While she said she loves Ann Arbor, Waud said she has been drawn to Detroit in the past few years. She said she started visiting the city to attend Tiger’s games or shows and eventually made friends with other small business owners in the area.
“I just developed this amazing network, and I just wanted to be here more and more and then it was obvious that I should move here,” she said.
That network includes Peter Bailey, founder of Two James Spirits distillery that plans to open across the street from Pot & Box in early June.
Waud credited Bailey as the connector between her shop and the more populated area of Corktown, which she hopes will draw more traffic to her end.
Bailey said he hopes their two shops will work together to create more vitality in Corktown and said Waud was a great advocate of Detroit.
“It’s a great opportunity to highlight the beauty of Detroit, the unspoken beauty of Detroit,” he said. “There are like-minded people who do find it beautiful and unique. I think it’s going to help change the reputation of Detroit as well.”
James Xavier Slade, owner of Xavier’s 20th Century Furniture shop next door to Pot & Box said he, too, is excited about his new neighbor. Slade said he has owned his shop on Michigan Ave. for 17 years but credits his online store for the bulk of his business. He said he is excited to get more foot traffic in their area and hopes the change will clean up the neighborhood.

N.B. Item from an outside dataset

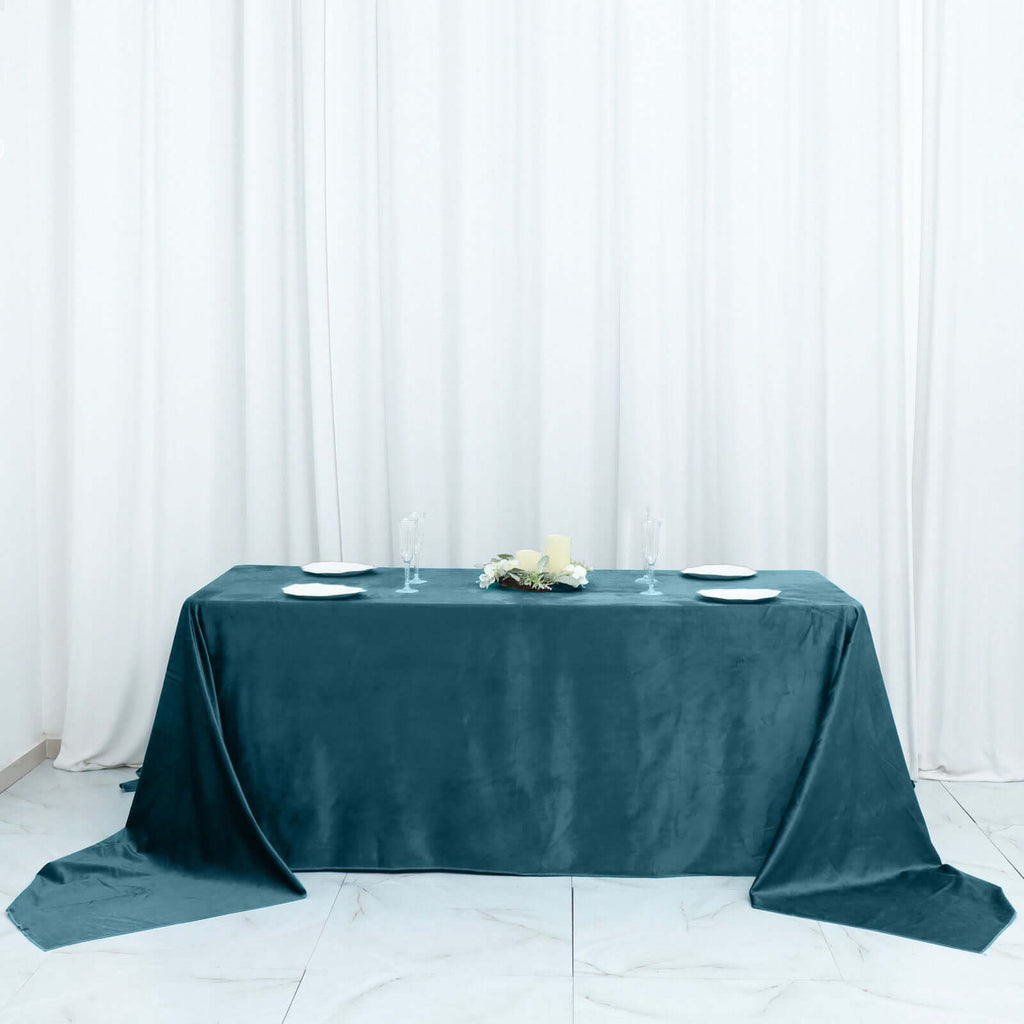 Premium Velvet 90"x156" Rectangle Tablecloth Peacock Teal - Reusable Soft & Seamless Table Cover - Bell Racket Store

“I’m thinking with a little bit more population down here we might be able to curtail some of this destruction of our neighborhood,” he said. “All this writing on people’s things has got to stop.”
Though there is still a ways to go before Detroit’s Pot & Box is up and running, Waud said she will open a pop-up shop from May – July downtown which she described as a mini version of the full-service shop. Waud said she also recently purchased an ice cream truck and plans to drive around town offering flowers at different locations around the city.
For Waud, the shop is more than a business but a way to interact with the community.
“It’s how you live in the world,” she said. “It gives you a reason to chat people up. It’s just so darn heart-warming, and I get to do what I love.”